**Question**. Do these identities involving even-index Catalan numbers have a known combinatorial interpretation? They look as though they should. I haven’t seen one in the literature.

$$\sum_{a+b=n}C_{2a}C_{2b}=4^nC_n$$

$$\sum_{a+b=n}C_{2a}{4b\choose 2b}=4^n{2n\choose n}$$

**Added**. Thanks to Richard Stanley’s helpful answer, I now know that the first of these identities is known in the literature as *Shapiro’s Catalan convolution*, and has a bijective proof due to Hajnal and Nagy (2014).

**Added further**. I hadn’t realised *quite* how straightforwardly each of these identities implies the other. For example, if the first holds then: $$\begin{align}
2\sum_{a+b=n}C_{2a}{4b\choose 2b}&=2\sum_{a+b=n}(2b+1)C_{2a}C_{2b}\\
&=\Bigl(\sum_{a+b=n}(2a+1)C_{2a}C_{2b}\Bigr)+\Bigl(\sum_{a+b=n}(2b+1)C_{2a}C_{2b}\Bigr)\\
&=(2n+2)\sum_{a+b=n}C_{2a}C_{2b}\\
&=(2n+2)4^nC_n\\
&=2\cdot 4^n {2n\choose n}
\end{align}$$
In light of that, a proof of one is essentially also a proof of the other.

**Notes**.
I came across these identities while thinking about an unanswered question of Mike Spivey from 2012. I can define a bijection for the first one – I imagine the second can be done in a similar way – but it isn’t obviously a very *nice* bijection, and it uses Garsia-Milne involution. Here is a description of it, in the language of species.

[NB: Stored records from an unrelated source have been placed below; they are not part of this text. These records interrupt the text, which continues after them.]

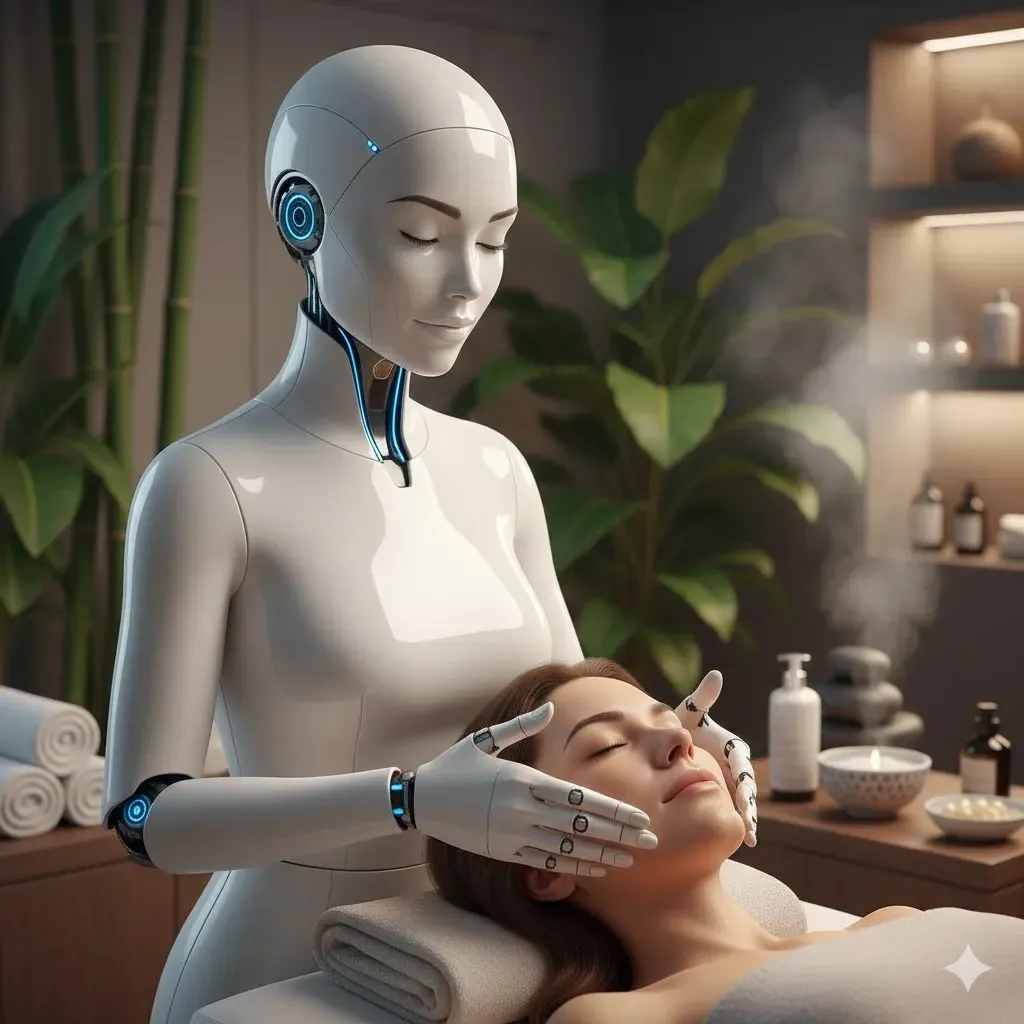 Image of a robot providing spa services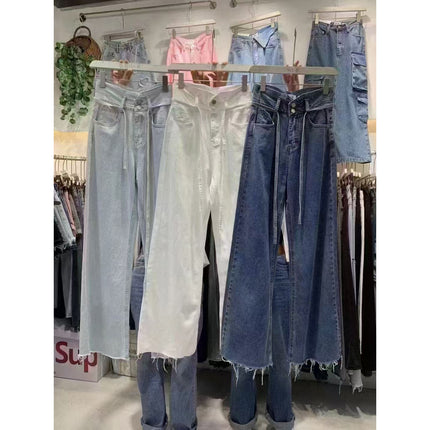 Van's White Jeans Women's 2025 Summer New Loose Slimming Look High-Waisted Straight Draped Floor-Length Pants
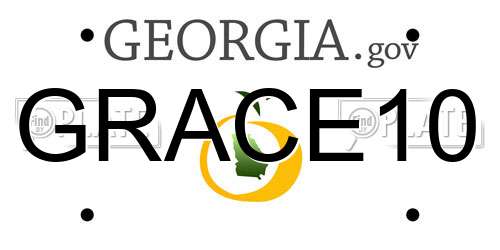 GRACE10 Georgia License Plate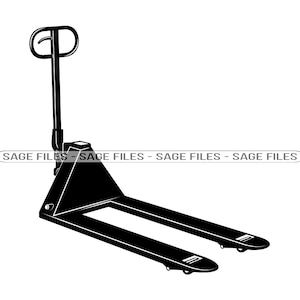 May include: Black and white silhouette of a pallet jack with a handle. The pallet jack has two wheels on each side and a platform for lifting and moving pallets.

If $D$ is the species of Dyck paths with matching up/down pairs labelled (or binary plane trees with internal nodes labelled, etc.) then $D=1+XD^2$, where $1$ is the species of the empty set (sometimes denoted $E_0$) and $X$ is the species of singletons ($E_1$). Split $D=D'+D''$, where $D'$ represents paths of odd semilength and $D''$ even, so we have the mutually recursive isomorphisms $$\begin{align}\tag{1}D''&=1+2XD'D''\\\tag{2}D'&=X(D'^2 + D''^2)\end{align}$$ (using the $=$ sign to denote isomorphism). The aim is to define an isomorphism between $D''^2$ and $1 + 4X^2D''^4$. We shall do this by defining an isomorphism $$D''^2+Y=1 + 4X^2D''^4+Y$$ for the species $Y=(2XD'D'')^2$, and appealing to the Garsia-Milne principle. Here is the isomorphism, from right to left:

$$\begin{align} 1 + 4X^2D''^4+Y&=1 + 4X^2D''^2(D'^2+D''^2)\\ &=1 + 4XD'D''^2\tag{using 2}\\ &=1 + 4XD'D''(1+2XD'D'')\tag{using 1}\\ &=1 + 4XD'D'' + 8(XD'D'')^2\\ &=D''^2 + 4(XD'D'')^2\tag{using 1}\\ &=D''^2 + Y \end{align}$$